Trump’s administration says billions of dollars in cuts are needed to curb the federal deficit and bring the US debt under control. His cutbacks on research come amid a broader clash that has seen Trump criticise universities as discriminatory for their diversity policies and denounce what he sees as a failure by some institutions to protect Jewish students from antisemitism. The threat to academics’ livelihoods at universities including Yale, Columbia and Johns Hopkins has given Europe’s political leaders hope they could reap an intellectual windfall. A letter, reviewed by Reuters, signed in March by 13 European countries including France, Germany and Spain, urged the EU Commission to move fast to attract academic talent. The European Research Council, an EU body that finances scientific work, told Reuters it would double the relocation budget for funding researchers moving to the EU to 2 million euros ($2.16 million) per applicant. That goes towards covering the cost of moving to a European institution, which may involve setting up a laboratory.
In Germany, as part of coalition talks for a new government, conservatives and Social Democrats have drawn up plans to lure up to 1,000 researchers, according to negotiation documents from March seen by Reuters that allude to the upheaval in U.S. higher learning.
Reuters spoke to 13 European universities and research institutes that reported seeing an increase in US-based employees considering crossing the Atlantic, as well as half a dozen US-based academics pondering a move to Europe. “Regulatory uncertainty, funding cuts, immigration restrictions, and diminished international collaboration create a perfect storm for brain drain,” said Gray McDowell at US digital consultancy firm Capgemini Invent.
A White House official said the administration is analysing research grants and prioritizing funding for areas likely to deliver returns for taxpayers “or some sort of meaningful scientific advancement”. The NOAA cuts were designed to avoid compromising its ability to do its duties, the official added.
Pulling in U.S. talent to Europe requires more than good will though. It requires money.
For decades, Europe has lagged far behind the U.S. on investment in its seats of higher learning. Total expenditure on research and development in the EU among businesses, governments, universities and private non-profit organizations in 2023 was 381 billion euros ($411 billion), according to the latest figures by Eurostat — the statistical office of the European Union. That same year, total research and experimental development in the US was estimated at $940 billion, according to the National Center for Science and Engineering Statistics, a federal agency that provides data on the performance of science and engineering in the US And while the US’s richest university, Harvard, has an endowment worth $53.2 billion, that of Britain’s wealthiest, Oxford, is only 8.3 billion pounds ($10.74 billion).

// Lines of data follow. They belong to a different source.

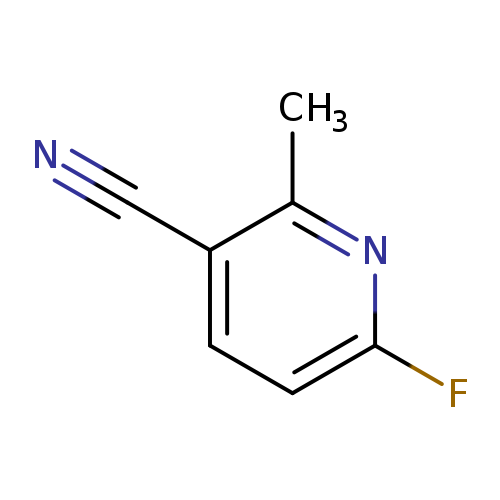 Cc1nc(F)ccc1C#N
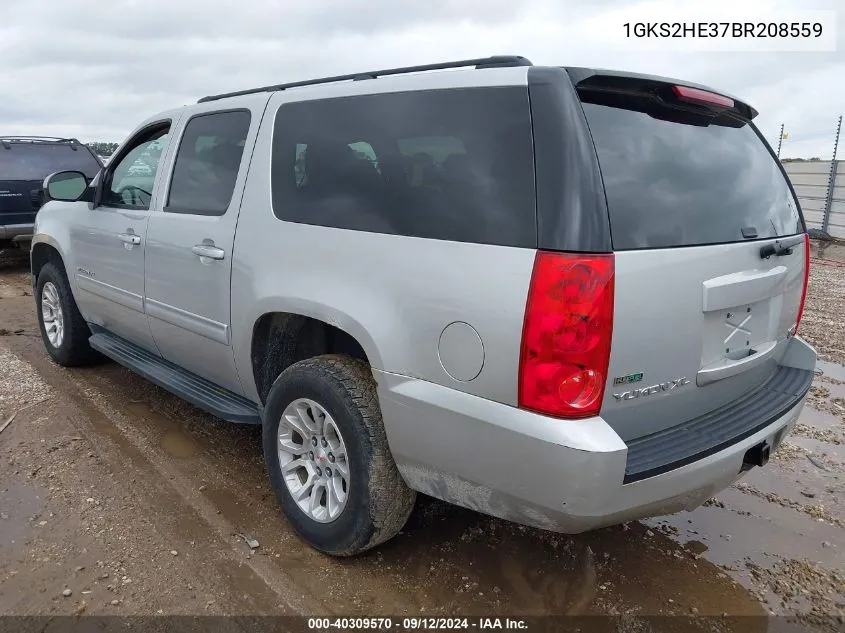 2011 GMC Yukon Xl 1500 Sle VIN: 1GKS2HE37BR208559 Lot: 40309570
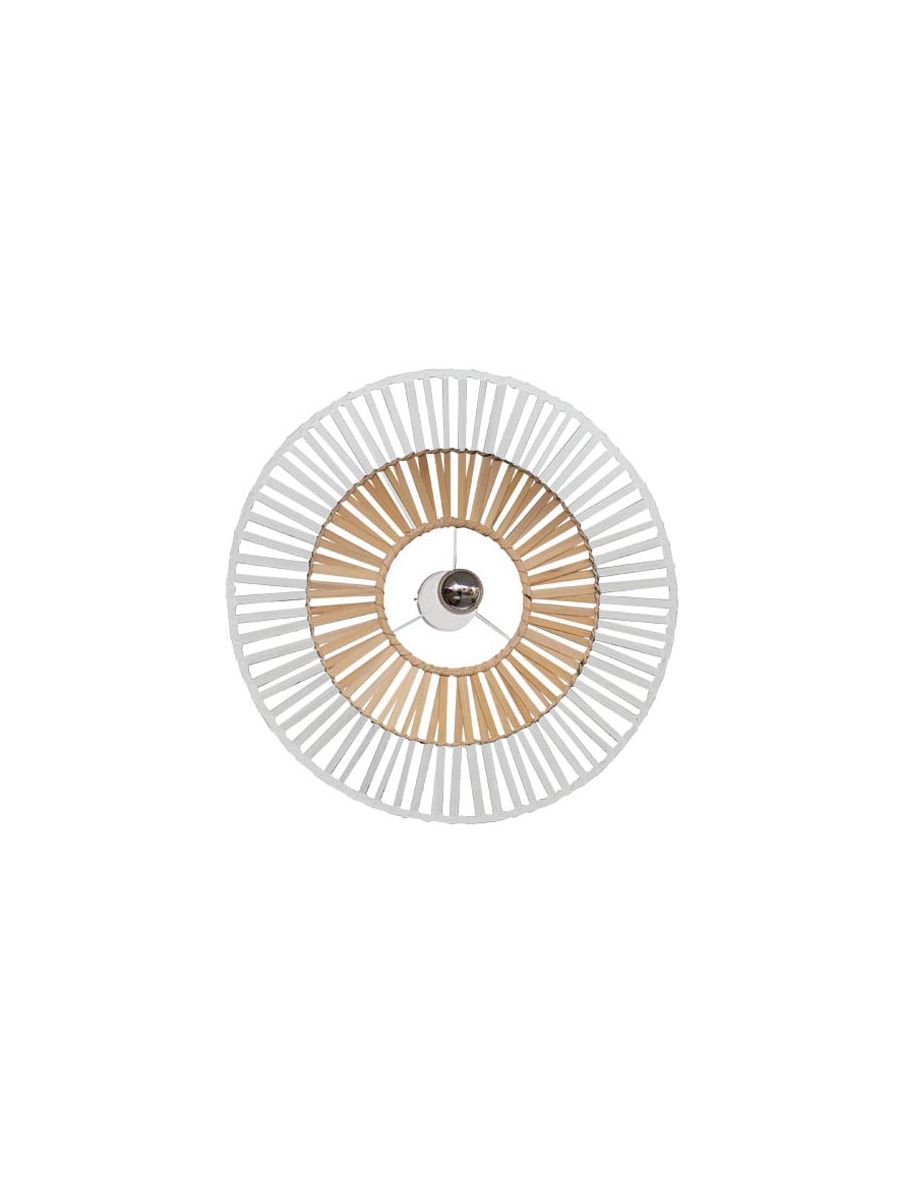 CEILING LIGHT WHITE BAMBOO 1XE7 MAX 40W BLANC GRAND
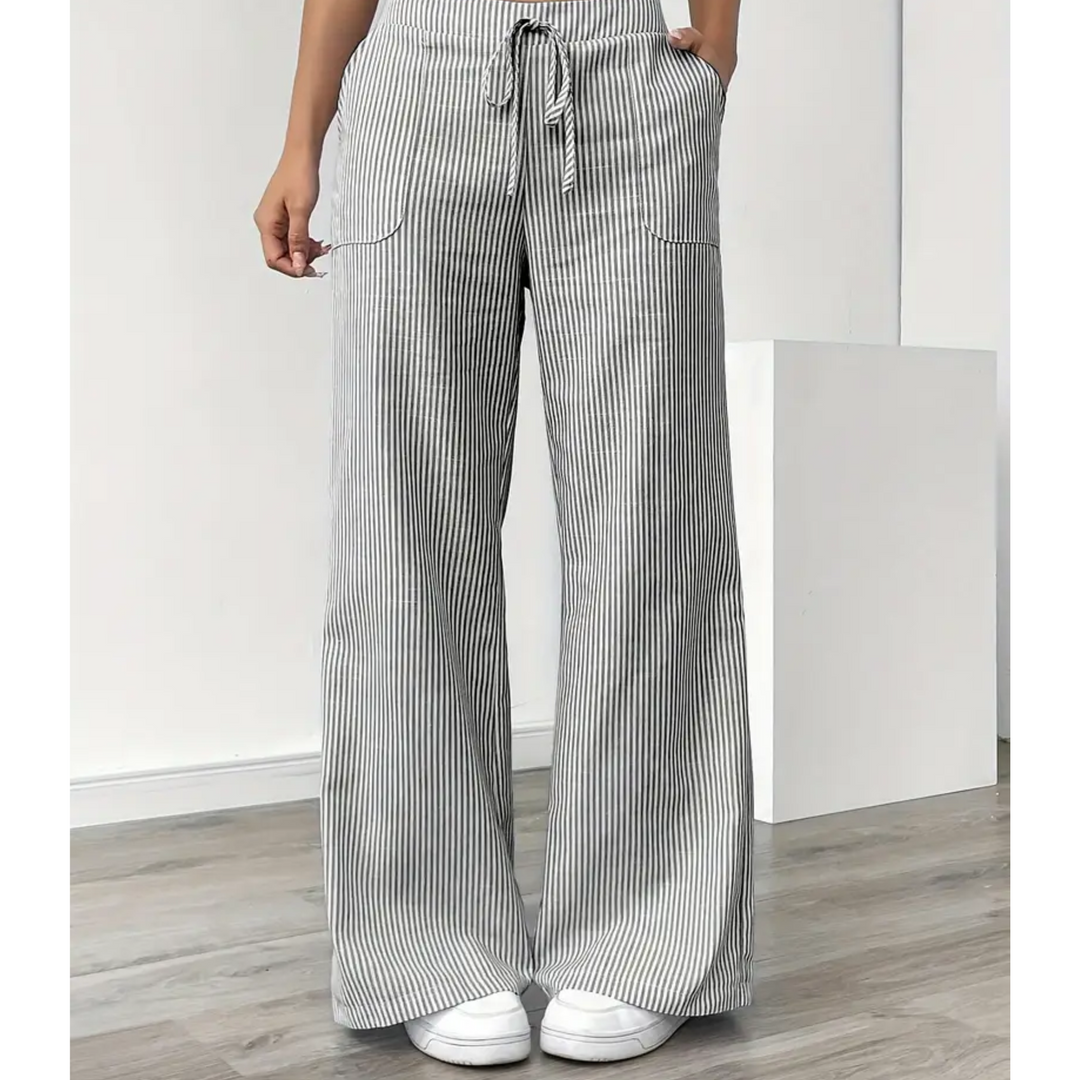 Women’s Trousers | Striped With Pockets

One academic and an expert in academia said, even with a concerted and substantial effort, Europe would likely need a long time to overturn that spending advantage.
“I don’t foresee a rapid build-up of additional scientific capability that could match what the US now has...for several decades”, Michael Oppenheimer, a Professor of Geosciences and International Affairs at Princeton, told Reuters. The White House official said even with the cuts, the US would still account for the most global research funding, adding: “Europe is not going to and cannot fill the void.”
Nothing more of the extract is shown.